Exercise aim: Once the line with "China Wastewater Equipment" is found in the entries below, print it and each following line exactly, stopping after the line with "Arrojan artefacto explosivo"; print nothing else.

Information:

=== Begin Enclosure ===

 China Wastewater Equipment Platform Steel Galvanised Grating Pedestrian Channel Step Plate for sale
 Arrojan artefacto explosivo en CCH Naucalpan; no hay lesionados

=== End Enclosure ===
=== Begin Enclosure ===

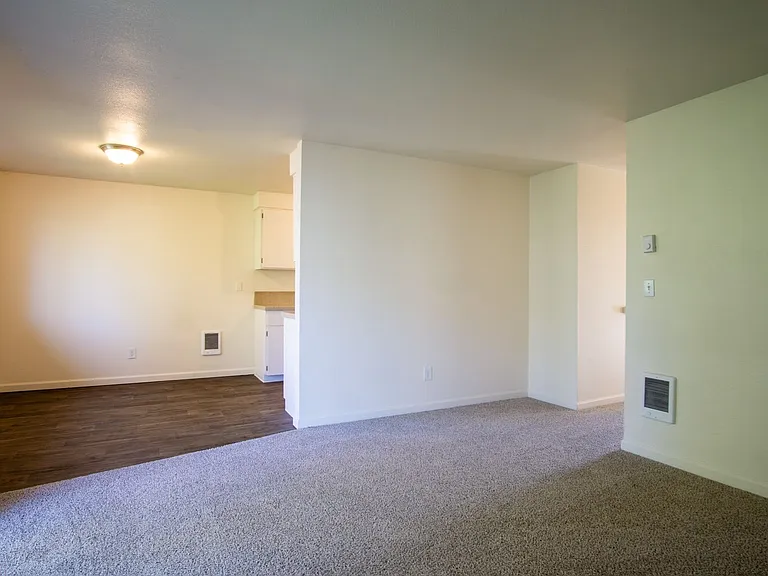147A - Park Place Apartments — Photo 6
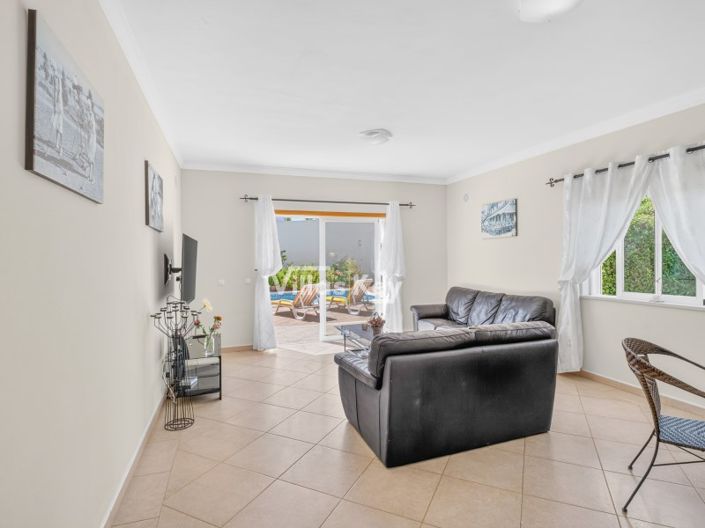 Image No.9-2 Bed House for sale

=== End Enclosure ===

Result for this task:
 China Wastewater Equipment Platform Steel Galvanised Grating Pedestrian Channel Step Plate for sale
 Arrojan artefacto explosivo en CCH Naucalpan; no hay lesionados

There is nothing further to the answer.